EXERCISE DIRECTIONS => Each record below should be returned word for word, with no pictures included.

(Captioned web image data)
↓
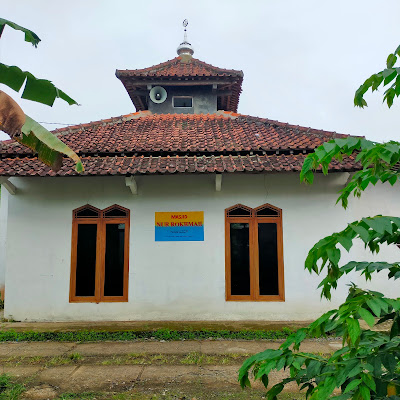 Masjid Nur Rohmah Sokawera Bonjok city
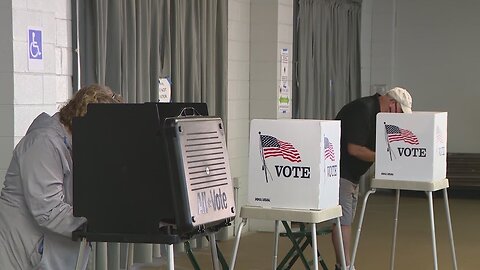 Early voting begins in downtown Chicago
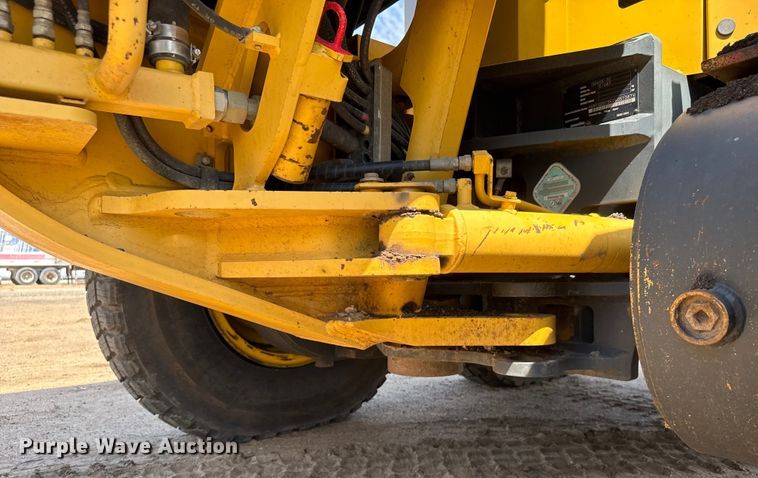 image for item DY0218 2005 Komatsu  GD655-3C motor grader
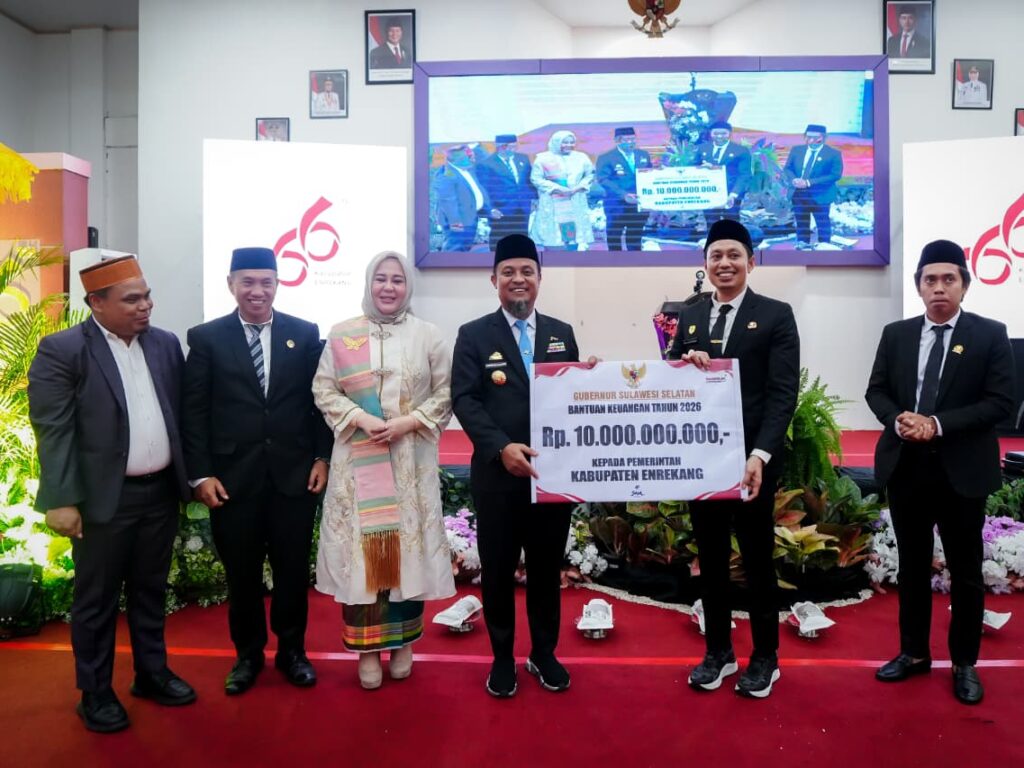 Gubernur Sulsel Andi Sudirman Sulaiman menghadiri Hari Jadi Enrekang ke-66 di Kantor Bupati Enrekang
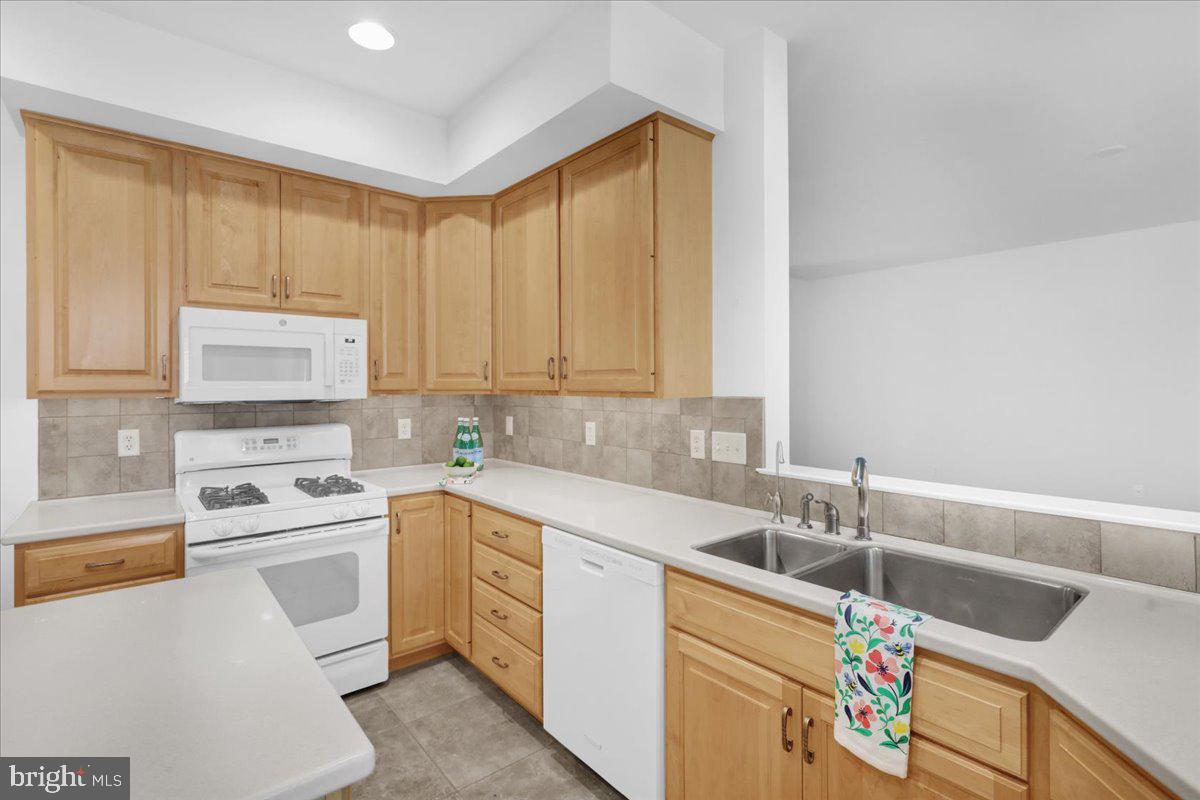 52 Harry Avenue Reading, PA 19607 - Photo 18 of 45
↑
EXERCISE OUTPUT =>
 Masjid Nur Rohmah Sokawera Bonjok city
 Early voting begins in downtown Chicago
 image for item DY0218 2005 Komatsu  GD655-3C motor grader
 Gubernur Sulsel Andi Sudirman Sulaiman menghadiri Hari Jadi Enrekang ke-66 di Kantor Bupati Enrekang
 52 Harry Avenue Reading, PA 19607 - Photo 18 of 45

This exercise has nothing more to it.